** What to do **
With pictures omitted, the line containing "Hyundai Elantra 2015" and all later lines of the records below are to be restated word for word.

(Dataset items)
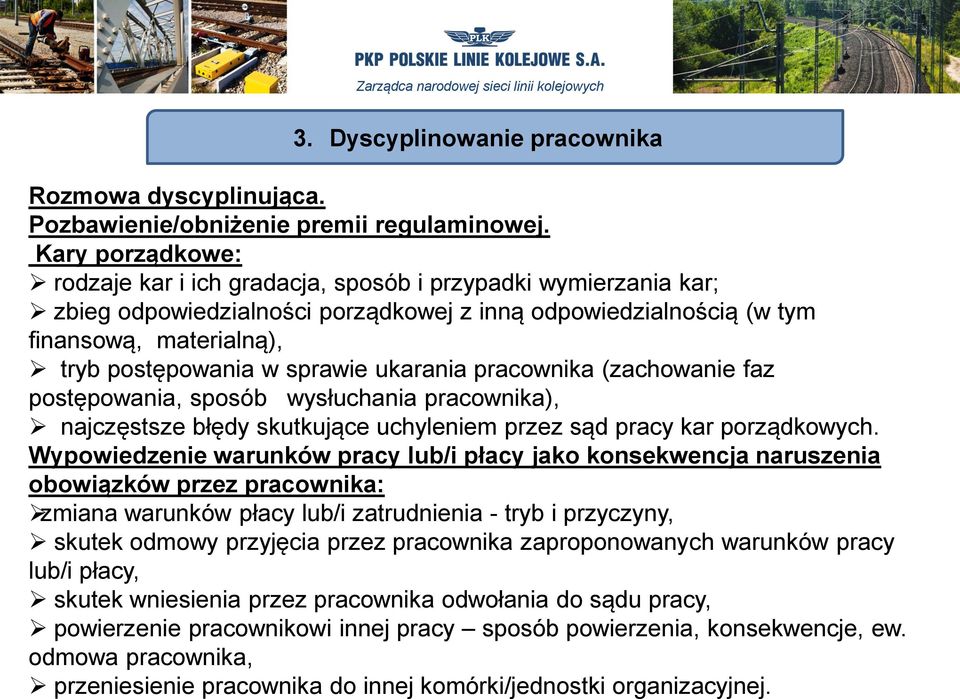 sprawie ukarania pracownika (zachowanie faz postępowania, sposób wysłuchania pracownika), najczęstsze błędy skutkujące uchyleniem przez sąd pracy kar porządkowych.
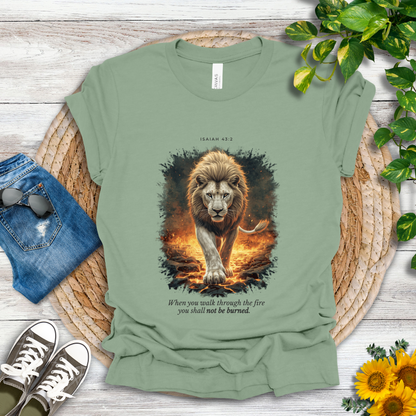 Through the Fire - Isaiah 43:2 T-Shirt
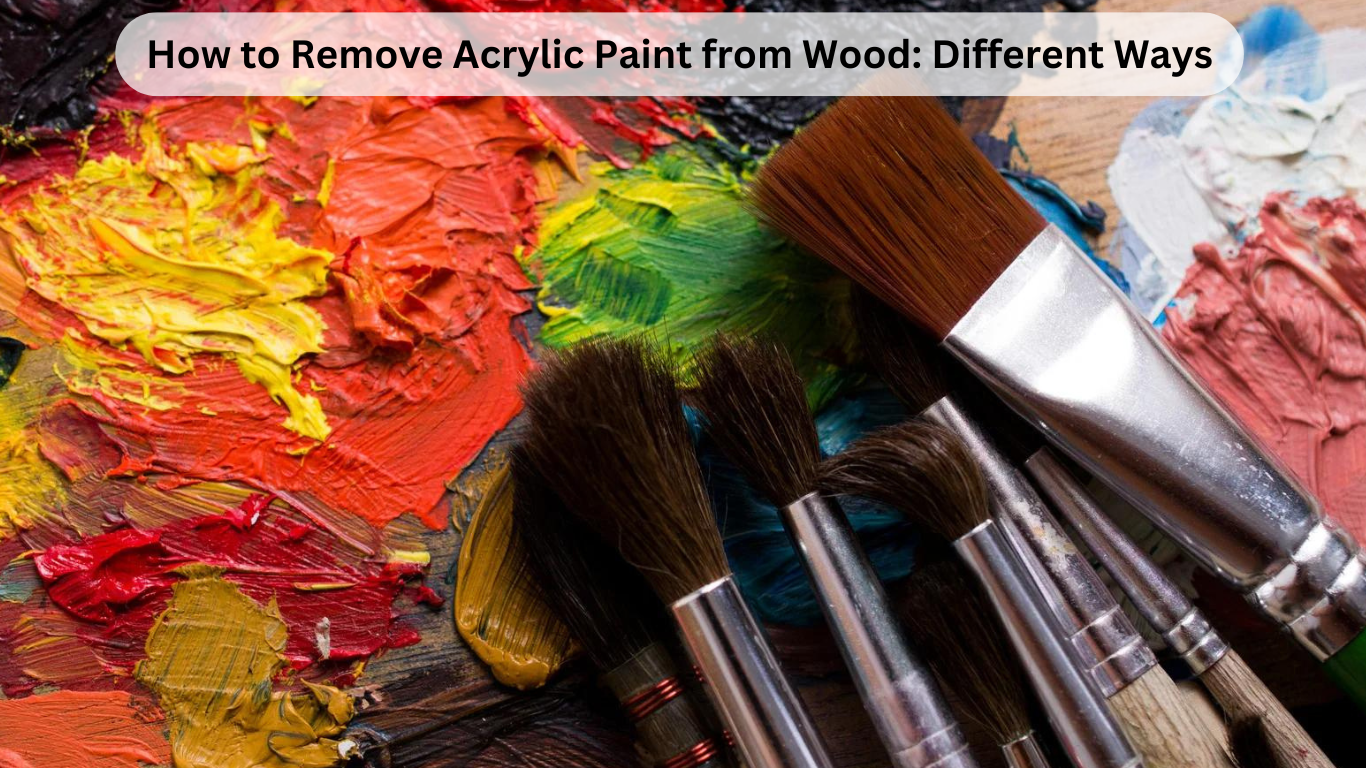 How to Remove Acrylic Paint from Wood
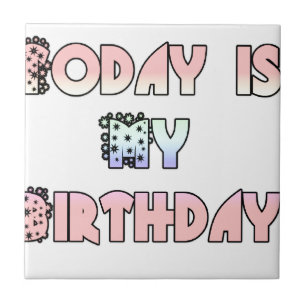 Heute ist mein Geburtstag Kunstprint Fliese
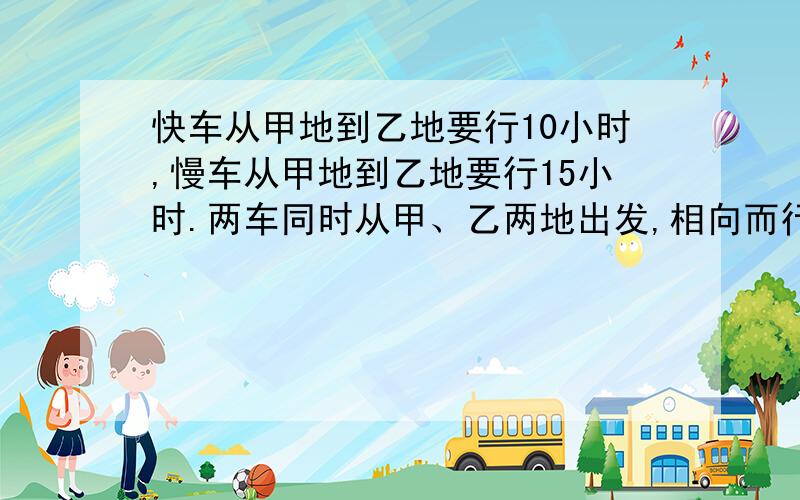 快车从甲地到乙地要行10小时,慢车从甲地到乙地要行15小时.两车同时从甲、乙两地出发,相向而行,4小时后还相距200千米.甲、乙两地相距多少千米?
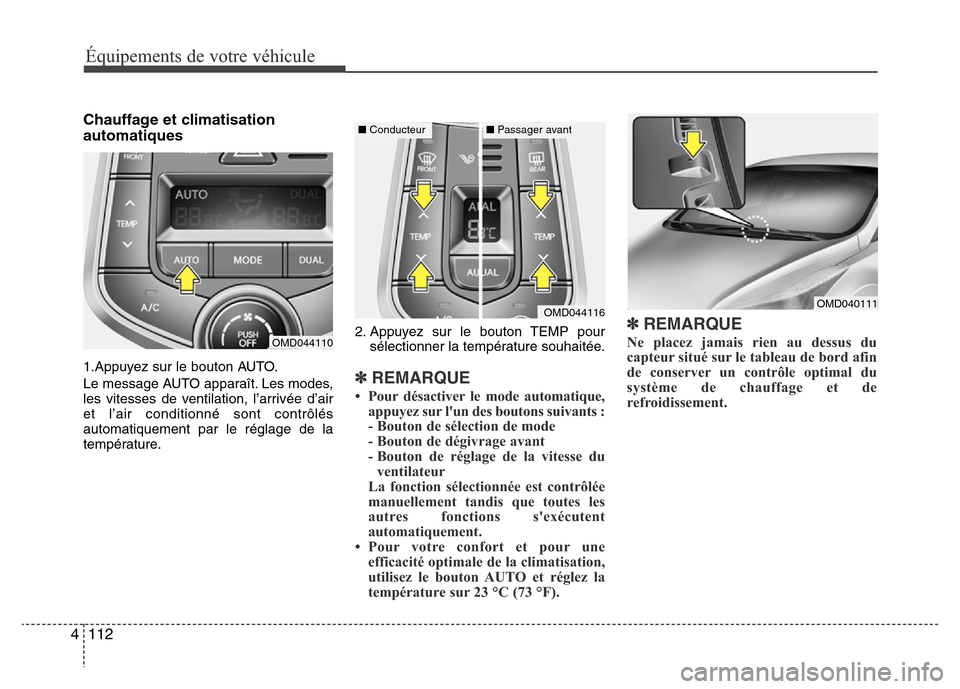 Hyundai Elantra 2015  Manuel du propriétaire (in French) Équipements de votre véhicule
112 4
Chauffage et climatisation
automatiques
1.Appuyez sur le bouton AUTO.
Le message AUTO apparaît. Les modes,
les vitesses de ventilation, l’arrivée d’air
et l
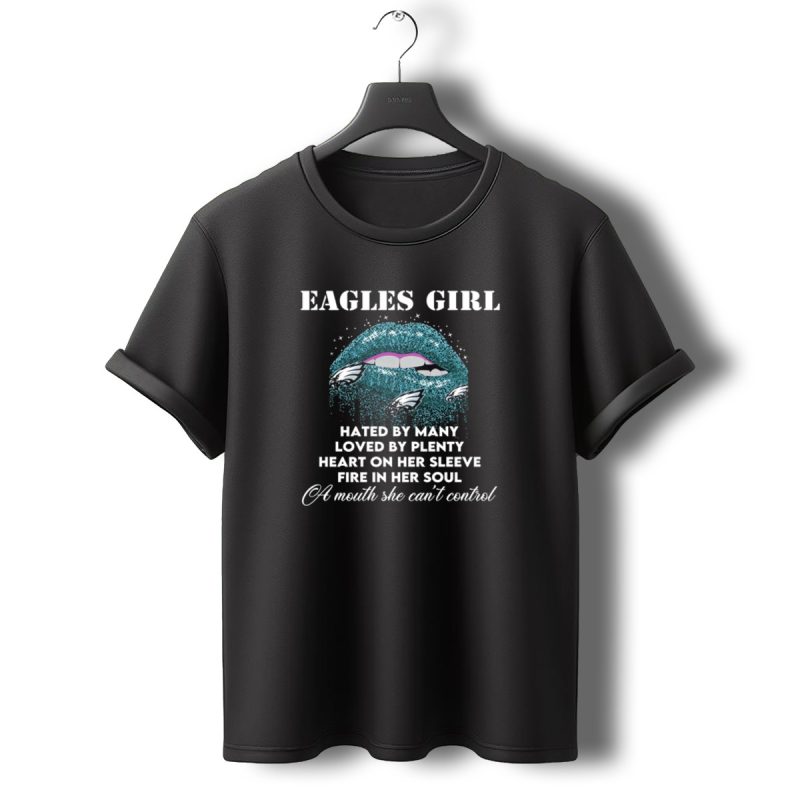 Eagles Girl Hated By Many Loved By Plenty Heart On Her Sleeve Fire In Her Soul A Mouth T Shirt T Shirt 0 1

** Worked solution **
 Hyundai Elantra 2015  Manuel du propriétaire (in French) Équipements de votre véhicule
112 4
Chauffage et climatisation
automatiques
1.Appuyez sur le bouton AUTO.
Le message AUTO apparaît. Les modes,
les vitesses de ventilation, l’arrivée d’air
et l
 Eagles Girl Hated By Many Loved By Plenty Heart On Her Sleeve Fire In Her Soul A Mouth T Shirt T Shirt 0 1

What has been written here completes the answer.